• [Data block]:
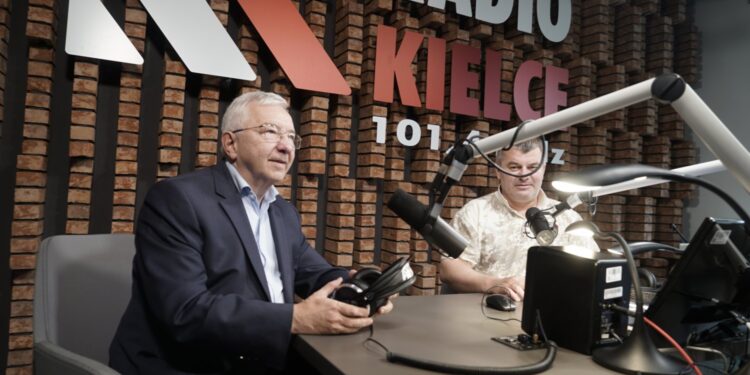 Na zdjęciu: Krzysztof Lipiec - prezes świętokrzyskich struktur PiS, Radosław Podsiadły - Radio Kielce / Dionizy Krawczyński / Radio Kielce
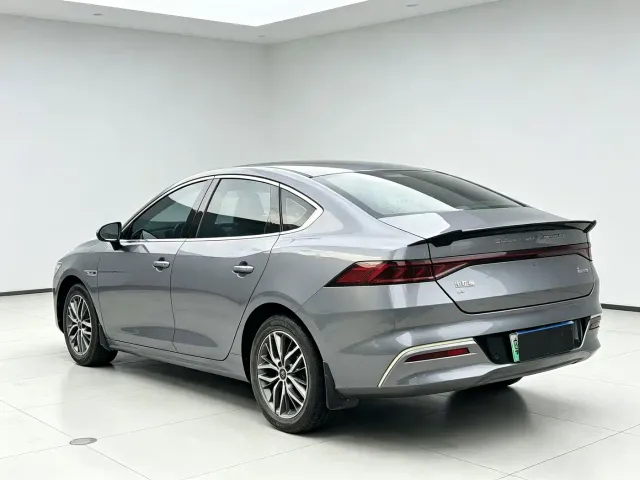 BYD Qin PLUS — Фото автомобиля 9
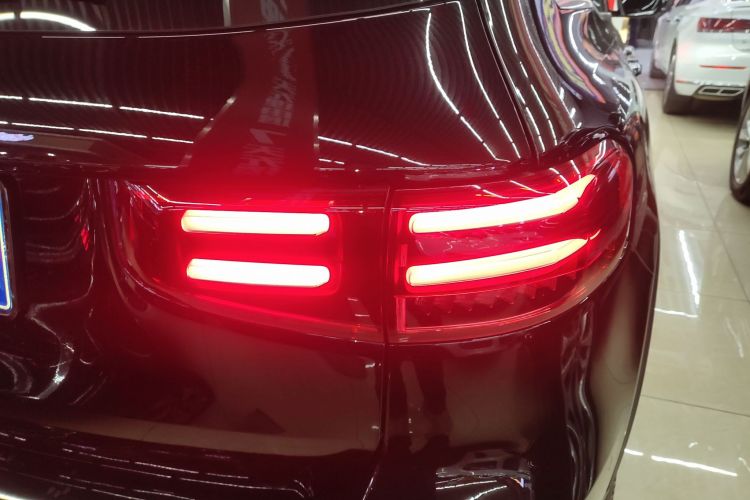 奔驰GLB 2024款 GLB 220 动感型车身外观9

• [Task details]:
Copy the listing above verbatim, leaving out pictures.

• [Written reply]:
 Na zdjęciu: Krzysztof Lipiec - prezes świętokrzyskich struktur PiS, Radosław Podsiadły - Radio Kielce / Dionizy Krawczyński / Radio Kielce
 BYD Qin PLUS — Фото автомобиля 9
 奔驰GLB 2024款 GLB 220 动感型车身外观9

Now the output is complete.